══ Records shown ══

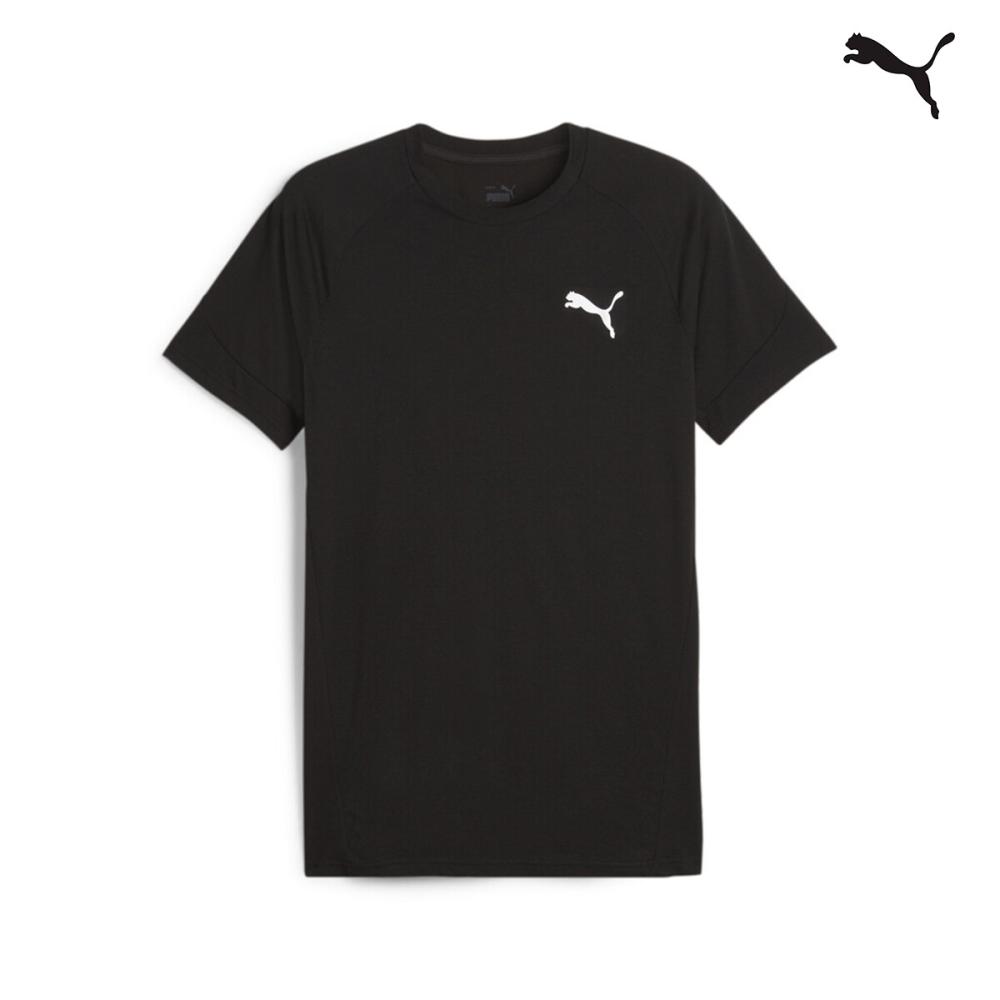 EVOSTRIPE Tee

═══
══ Records shown ══

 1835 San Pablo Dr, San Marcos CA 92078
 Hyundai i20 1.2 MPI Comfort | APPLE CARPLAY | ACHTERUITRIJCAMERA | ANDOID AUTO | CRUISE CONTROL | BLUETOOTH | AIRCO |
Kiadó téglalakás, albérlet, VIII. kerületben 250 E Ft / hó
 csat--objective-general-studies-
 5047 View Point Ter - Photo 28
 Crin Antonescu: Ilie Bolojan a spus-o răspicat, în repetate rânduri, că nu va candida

═══
══ Records shown ══

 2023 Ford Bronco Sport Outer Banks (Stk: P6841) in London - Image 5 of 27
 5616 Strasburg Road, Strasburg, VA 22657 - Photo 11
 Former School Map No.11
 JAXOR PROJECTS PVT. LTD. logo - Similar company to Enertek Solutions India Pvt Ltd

═══

**Exercise**
Show every line of the entries above where the word "Photo" occurs.

**Task answer**
 5047 View Point Ter - Photo 28
 5616 Strasburg Road, Strasburg, VA 22657 - Photo 11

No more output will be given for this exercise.